Surgical Clinics of North America | 2004
Eddie K. Abdalla; Roger Noun; Jacques Belghiti
Each vascular occlusion technique has a place in major and minor hepatic resectional surgery, based on the tumor location, presence of associated underlying liver disease, patient cardiovascular status, and experience of the operating surgeon. Understanding of the potential application of different techniques, anticipation of the expected and potential hemodynamic responses, and knowledge of the limitations of each technique are fundamental to appropriate surgical planning adapted to each patient. Experience with the various clamping methods enables an aggressive but safe approach to surgical treatment of hepatobiliary diseases, with acceptable blood loss and transfusion requirements.

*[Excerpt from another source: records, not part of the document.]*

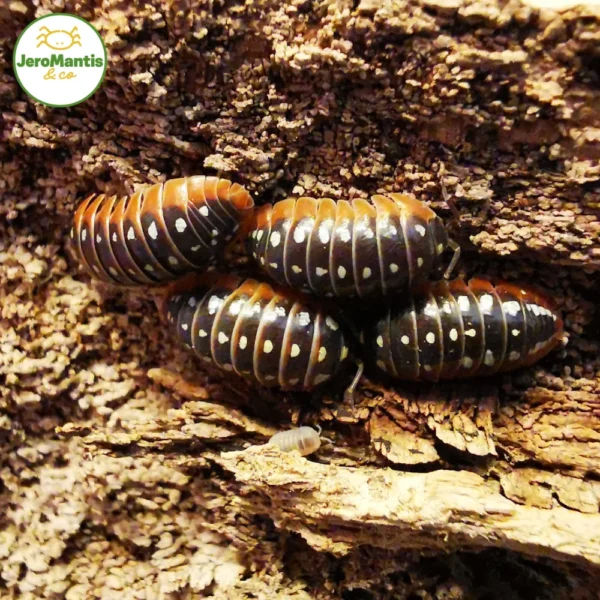 Armadillidium Klugii "Montenegro"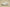 Yeezy Boost 700 "Analog" Coconut Gray and White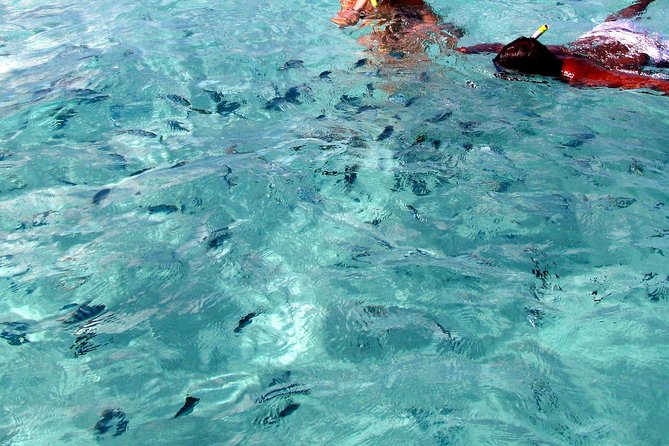Spectacular Catamaran Trip to Ile Aux Cerf Incl: Undersea Walk, Lunch & GRSE - Frequently Asked Questions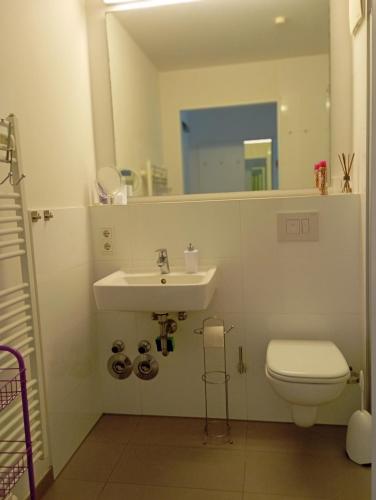 ein Badezimmer mit einem Waschbecken, einem WC und einem Spiegel in der Unterkunft Studio Suite near University in Bremen
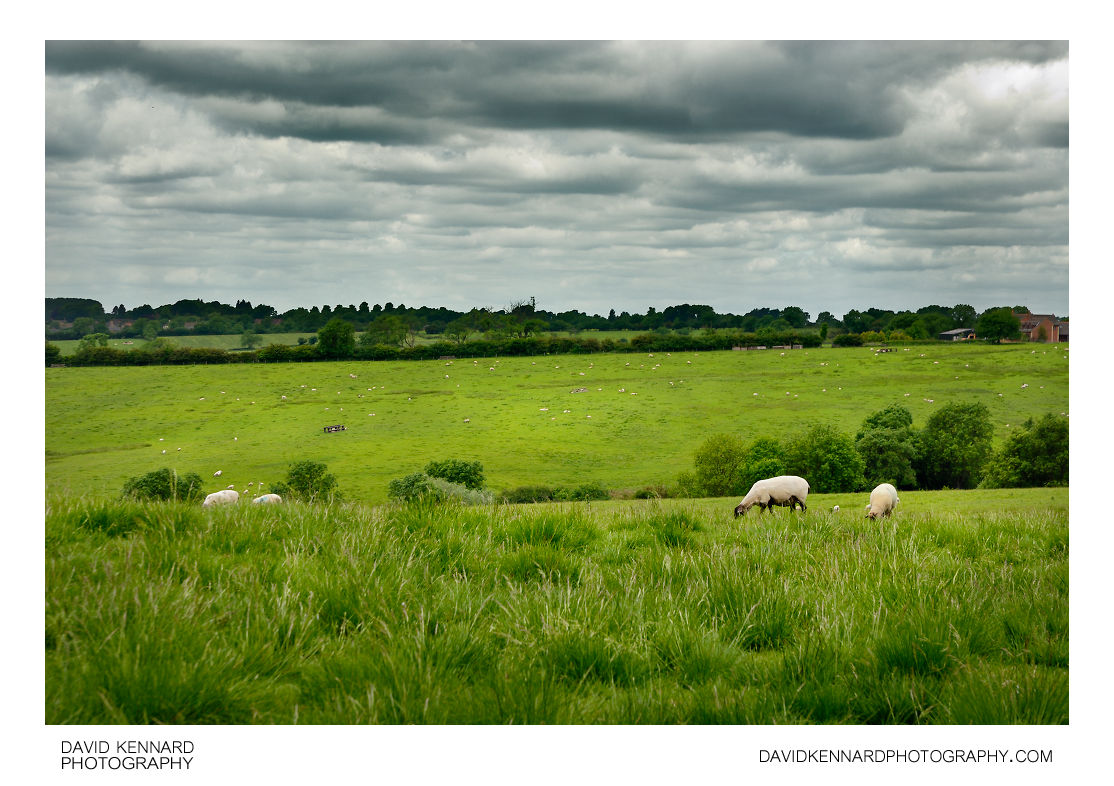 Sheep in field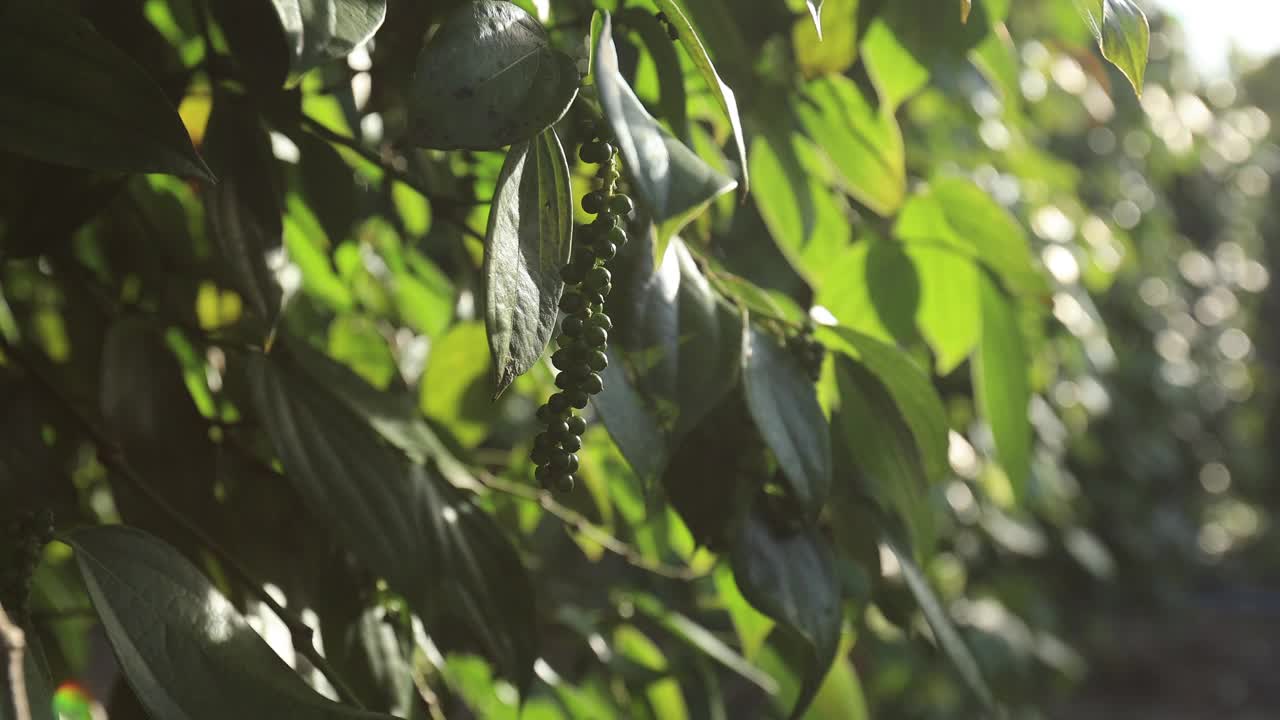 黑胡椒果实长在花园里的树上视频素材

In all cases, surgical strategy should be defined with the anesthesiologist, particularly in regard to hemodynamic monitoring, in order to optimize perioperative patient management and to minimize the risk for complications such as bleeding and air embolism. Importantly, randomized study has shown that the added dissection, operative, and postoperative risks associated with HVE are not balanced by decreased blood loss compared with hepatic pedicle clamping, except in exceptional cases when tumors involve the major hepatic veins or vena cava. In addition, dissection in preparation for clamping may be used as safe approach techniques to tumors in difficult locations, even when eventual clamping is not performed. Similarly, the liver-hanging maneuver enables resection without mobilization, compression, and manipulation of large tumors. In the future, renewed interest in the impact of hepatic ischemia and reperfusion may reveal that some clamping methods, in particular inflow occlusion, act as a means of preconditioning before a period of prolonged hepatic ischemia, for complex hepatic resection or for graft harvest from a living donor. Finally, the addition of infrahepatic caval clamping may add a new, simple, effective technique to the armamentarium of the liver surgeon, particularly as more routine hepatic surgery moves from the specialized center to the community.